> TO DO
Write out, word for word and with no pictures, each line below from the one containing "Can abstract modifier" through the one containing "From the preference", both included, and no other line.
### TASK INPUTS ###
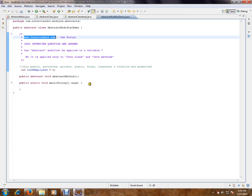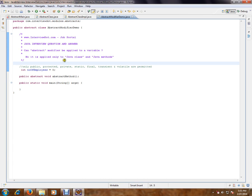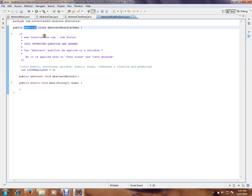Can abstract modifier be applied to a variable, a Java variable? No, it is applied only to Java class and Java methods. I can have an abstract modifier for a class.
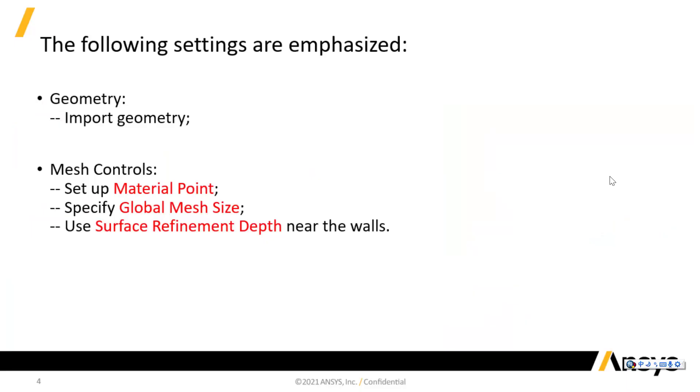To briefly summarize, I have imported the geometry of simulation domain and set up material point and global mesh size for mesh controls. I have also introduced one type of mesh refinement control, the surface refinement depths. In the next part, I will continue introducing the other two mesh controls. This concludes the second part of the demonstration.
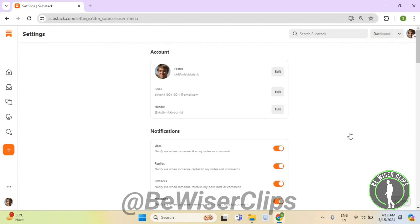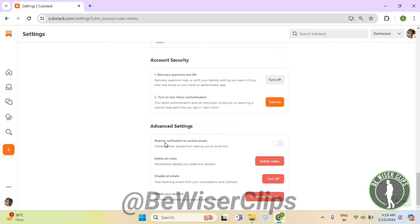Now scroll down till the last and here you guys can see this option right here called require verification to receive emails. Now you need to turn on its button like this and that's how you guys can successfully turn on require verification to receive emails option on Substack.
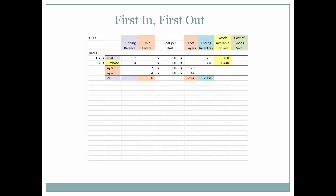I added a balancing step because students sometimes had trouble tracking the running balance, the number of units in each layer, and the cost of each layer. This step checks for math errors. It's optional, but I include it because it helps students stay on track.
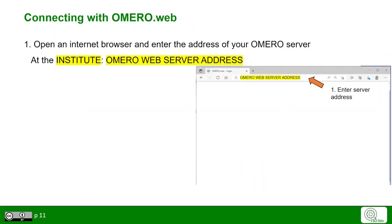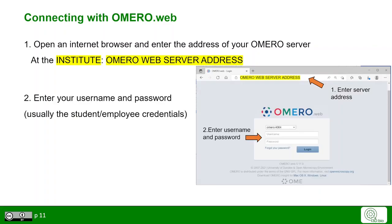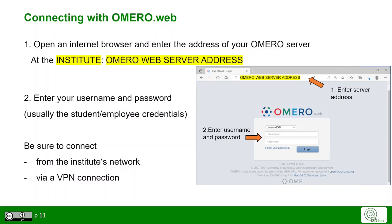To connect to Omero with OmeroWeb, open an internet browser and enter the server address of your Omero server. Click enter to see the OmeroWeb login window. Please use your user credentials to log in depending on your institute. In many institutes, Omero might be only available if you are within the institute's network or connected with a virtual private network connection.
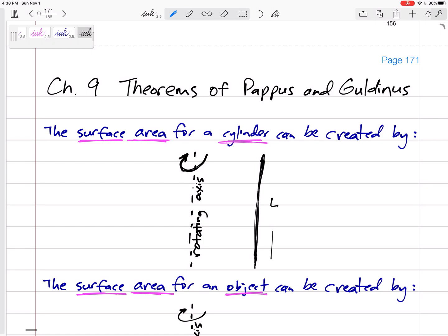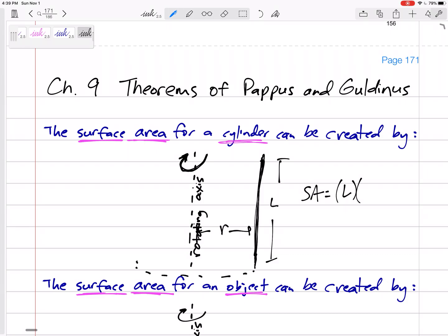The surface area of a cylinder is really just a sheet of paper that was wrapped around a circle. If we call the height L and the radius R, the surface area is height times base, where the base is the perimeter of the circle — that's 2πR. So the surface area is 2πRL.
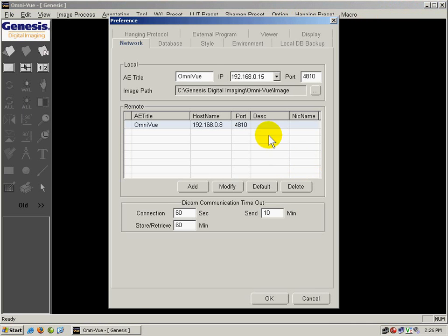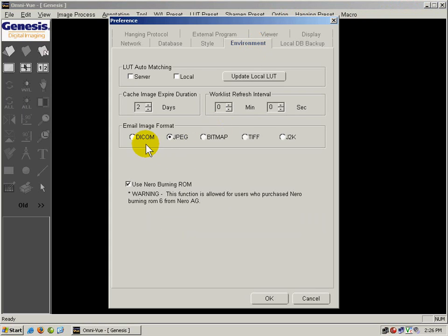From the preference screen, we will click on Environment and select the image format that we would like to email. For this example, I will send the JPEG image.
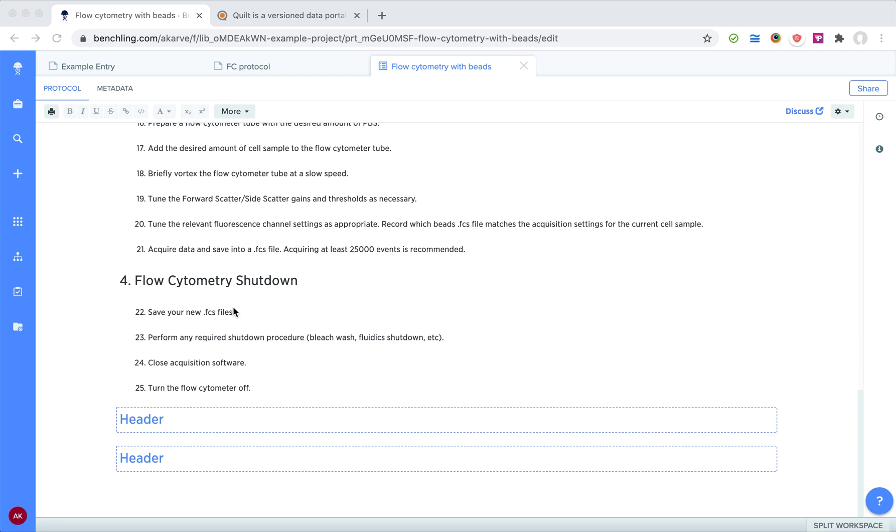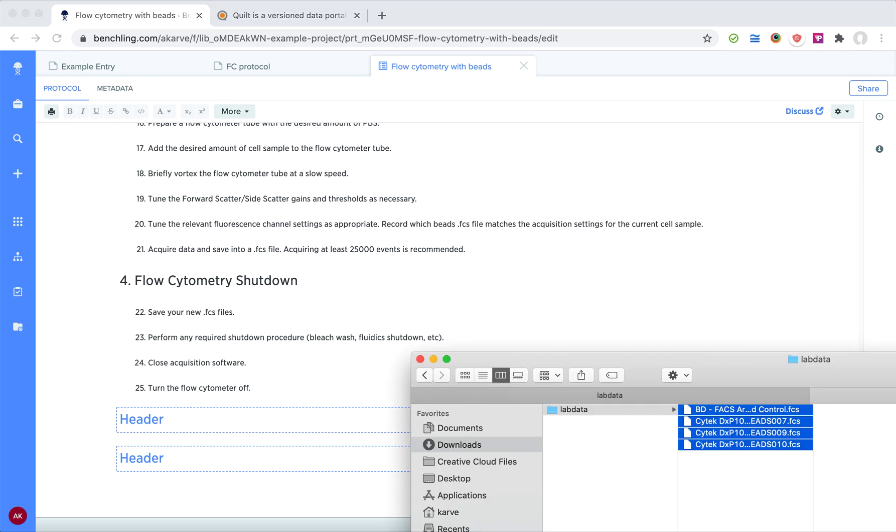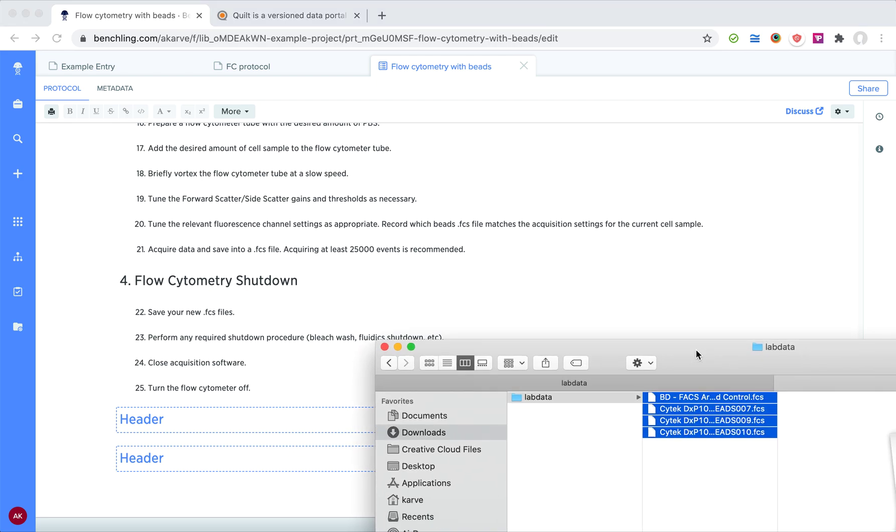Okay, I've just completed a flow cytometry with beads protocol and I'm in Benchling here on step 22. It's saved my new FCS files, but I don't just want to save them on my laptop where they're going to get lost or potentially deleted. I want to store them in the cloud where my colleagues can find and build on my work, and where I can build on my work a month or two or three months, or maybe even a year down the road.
###
### TASK INPUTS ###
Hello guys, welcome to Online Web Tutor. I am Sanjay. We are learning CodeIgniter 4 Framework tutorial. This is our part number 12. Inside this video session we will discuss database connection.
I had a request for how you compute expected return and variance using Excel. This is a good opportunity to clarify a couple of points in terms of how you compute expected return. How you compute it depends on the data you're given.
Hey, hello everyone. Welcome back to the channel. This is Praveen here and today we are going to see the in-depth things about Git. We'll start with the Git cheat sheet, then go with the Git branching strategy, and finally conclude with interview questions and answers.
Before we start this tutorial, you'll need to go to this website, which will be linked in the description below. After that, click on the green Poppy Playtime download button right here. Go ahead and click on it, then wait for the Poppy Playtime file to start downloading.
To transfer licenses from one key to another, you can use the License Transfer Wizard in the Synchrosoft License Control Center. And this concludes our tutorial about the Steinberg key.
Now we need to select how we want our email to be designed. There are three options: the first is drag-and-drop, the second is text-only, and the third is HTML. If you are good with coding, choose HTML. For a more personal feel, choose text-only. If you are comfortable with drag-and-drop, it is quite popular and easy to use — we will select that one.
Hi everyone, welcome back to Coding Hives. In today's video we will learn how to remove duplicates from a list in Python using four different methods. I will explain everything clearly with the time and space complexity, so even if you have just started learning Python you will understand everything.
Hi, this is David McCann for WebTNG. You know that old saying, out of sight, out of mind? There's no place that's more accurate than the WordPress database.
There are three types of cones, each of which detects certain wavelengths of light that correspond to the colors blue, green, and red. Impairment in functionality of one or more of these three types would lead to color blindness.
###
> RESULT BELOW
Can abstract modifier be applied to a variable, a Java variable? No, it is applied only to Java class and Java methods. I can have an abstract modifier for a class.
To briefly summarize, I have imported the geometry of simulation domain and set up material point and global mesh size for mesh controls. I have also introduced one type of mesh refinement control, the surface refinement depths. In the next part, I will continue introducing the other two mesh controls. This concludes the second part of the demonstration.
Now scroll down till the last and here you guys can see this option right here called require verification to receive emails. Now you need to turn on its button like this and that's how you guys can successfully turn on require verification to receive emails option on Substack.
I added a balancing step because students sometimes had trouble tracking the running balance, the number of units in each layer, and the cost of each layer. This step checks for math errors. It's optional, but I include it because it helps students stay on track.
To connect to Omero with OmeroWeb, open an internet browser and enter the server address of your Omero server. Click enter to see the OmeroWeb login window. Please use your user credentials to log in depending on your institute. In many institutes, Omero might be only available if you are within the institute's network or connected with a virtual private network connection.
The surface area of a cylinder is really just a sheet of paper that was wrapped around a circle. If we call the height L and the radius R, the surface area is height times base, where the base is the perimeter of the circle — that's 2πR. So the surface area is 2πRL.
From the preference screen, we will click on Environment and select the image format that we would like to email. For this example, I will send the JPEG image.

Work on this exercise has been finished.